Despite the review of a wagyu beef taco rice dish in an English publication, TAMA itself provided only handwritten menus in Japanese.  The situation caused some panic, particularly since this establishment applied an upscale, modern touch to Okinawan and Chinese dishes, meaning that bucking tradition would be par for the course.  Furthermore, the taco rice dish was the only one mentioned in the magazine.  A brief search on the Internet yielded little more information than a couple of dishes such as steamed wontons.  Knowing that an opportunity to satiate all curiosity about the menu was gone, we simply went with the taco rice and the wontons.

 

For some reason I did not stow away my copy of Time Out Tokyo like most sensible tourists would.  This decision, or lack thereof, dramatically altered the course of the meal.  One of the chefs saw the magazine and immediately snatched it away from my table.  He then showed it to a diner at the counter, who promptly walked over to my seat, wondering what we had been able to order.

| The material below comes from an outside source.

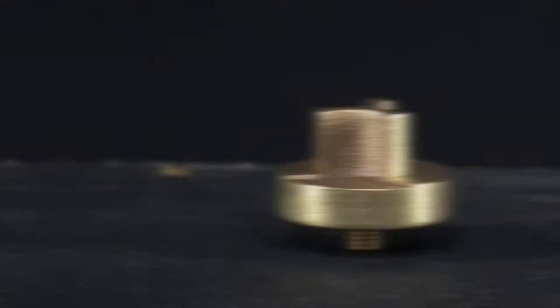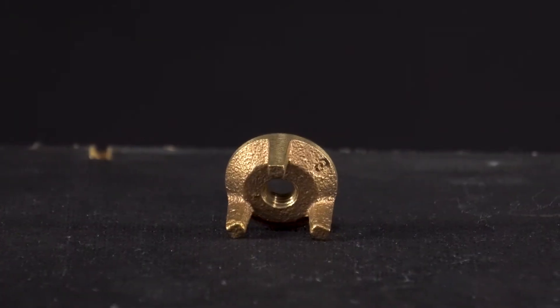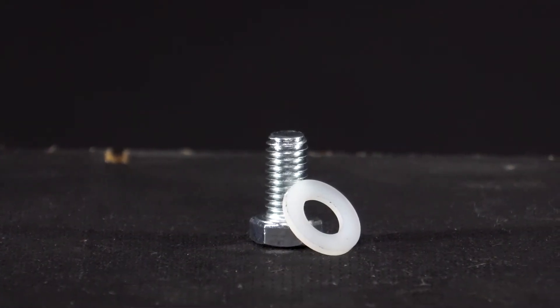Items included in this kit are a valve plug, a valve plug washer, a valve plug washer retainer, a spring, a nylon washer, and a cap screw.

That diner happened to be Hisato Hamada, wagyu expert and CEO of Viva Japan.  (One of his company’s services, Wagyu Direct, exports beef from Japan to European Union countries.)  Hamada also contributed significantly to the Time Out Tokyo in my possession, and was responsible for the slab of wagyu beef pictured on its front cover.

While Kobe beef is often synonymous with wagyu beef, there are in fact 250 brands of wagyu in Japan.  That prized beef in the Time Out Tokyo photo actually hailed from the Miyazaki Prefecture, further south and west of Kobe, and coincidentally was the same brand featured in the TAMA menu.

 

As it turns out, Ozaki beef is rare – in more ways than one.  Consider the numbers.  Ozaki beef is made possible by one lone farmer (Muneharu Ozaki, who feeds his cows a special diet and spring water).  He works with one supplier (Hamada).  How many restaurants in Japan feature Ozaki beef in their menus?  Only five.  Ryukyu Chinese Dining TAMA happens to be one of these.  Therefore it was no surprise that the taco rice was several notches above its original Okinawan predecessor, featuring ground Ozaki beef and red rice.

 

 

Not to be outdone, the aforementioned wontons seemed to give off some Italian flair, drenched in an unusually creamy sauce with a hint of spice.  In fact, the sauce really featured Chinese sesame paste, vinegar soy sauce and Chinese red chili oil.

 

This dinner order did not satisfy Hamada, who visits TAMA just once a month amidst a busy schedule that takes him across the world to promote, educate and supply wagyu beef.  Assuming that my stomach was a bottomless pit, he proceeded to plow through the menu, adding more plates to the pile and elevating our meal from already excellent to absolutely superior.  One of these was a plate of elegantly towering Japanese sweet potato fries, each of which was to be dipped in salt and what appeared to be caramel or honey, but in a way was a little bit of both – born from the sugar in the sweet potatoes themselves.

 

 

The best was saved for last: more Ozaki beef, this time a plate of 100 grams worth of rare cuts specifically from the shoulder, a part of the cow that tends to feature more tender meat.  Each piece literally melted in one’s mouth, completely devoid of the heaviness that can follow in the aftermath of typical steak consumption.

 

Ozaki beef may be rare in terms of sheer quantity, but at TAMA a 100-gram plate will set you back only 1500 yen (US$12.80 by current exchange rates).  The Ozaki beef taco rice barely scrapes US$8.50. Although Ozaki beef is clearly one of the stars of the menu, Hamada is quick to point out other dishes that we had no room for such as innovative takes on pasta and chicken.  Innocent recommendations no more – it’s worth betting the farm even on a menu one cannot read, with such prices and deftly executed dishes as these.

 

Address: Ryukyu Chinese Dining TAMA, 2-3-2 Shibuya, Shibuya, Tokyo.  Telephone: +81 (0)3-3486-5577.  Website: http://tama2007.jp.  They are open every day from 6 p.m. (18:00) to 3 a.m. (27:00). Closest Tokyo Metro stations: Shibuya (East Exit) (渋谷駅東口) and Omotesando (Exit B2) (表参道).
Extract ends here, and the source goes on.